David Bowie- The Rise and Fall of Ziggy Stardust and the Spiders from Mars (1972): 6 January 2020

David Bowie – The Rise and Fall of Ziggy Stardust and the Spiders from Mars (1972)

Happy New Year and welcome to the first YDCS of 2020! We’re one year and going strong here and looking forward to another year full of great music. To start off 2020 we’re kicking it back to 1972 with David Bowie’s loose concept rock opera, The Rise and Fall of Ziggy Stardust and the Spiders from Mars. Ziggy Stardust wasn’t David Bowie’s first big hit, that honor goes to Hunky Dory, but Ziggy Stardust make him a legend. Widely considered one of the best albums ever written, Ziggy Stardust tells the story of a bisexual, androgynous alien from space come to save the Earth. The story of the main character of the record, Ziggy Stardust, was written after the album was recorded, explaining why some of the songs don’t always appear to continue the story of the hero.

Ziggy Stardust is a tough album to unpack as it is prototypical glam rock. David Bowie was the leader of a movement with this genre-breaker of an album, and bands like KISS, Mott the Hoople, and Roxy Music can all trace their origins to Ziggy Stardust. Looking back at it, I think the album is generally more culturally significant for making David Bowie a relevant entertainer and pioneering a genre than it was for its own music.
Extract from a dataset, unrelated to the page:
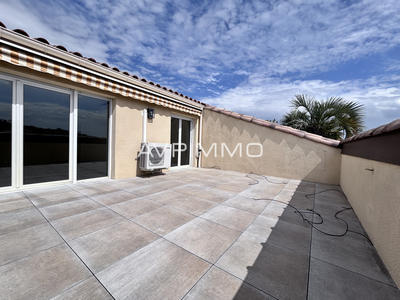 Appartement - 120 m² - 5 pièces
The album stands up on its own, particularly on its big hits, but the question we have to ask is ‘Do we like the album because it’s a David Bowie album or do we like the album on its own merit?’ Ziggy Stardust crams a lot of passion and a lot of different elements of rock and roll into a fairly short album that features some great singles. I hope you enjoy the adventure of Ziggy Stardust!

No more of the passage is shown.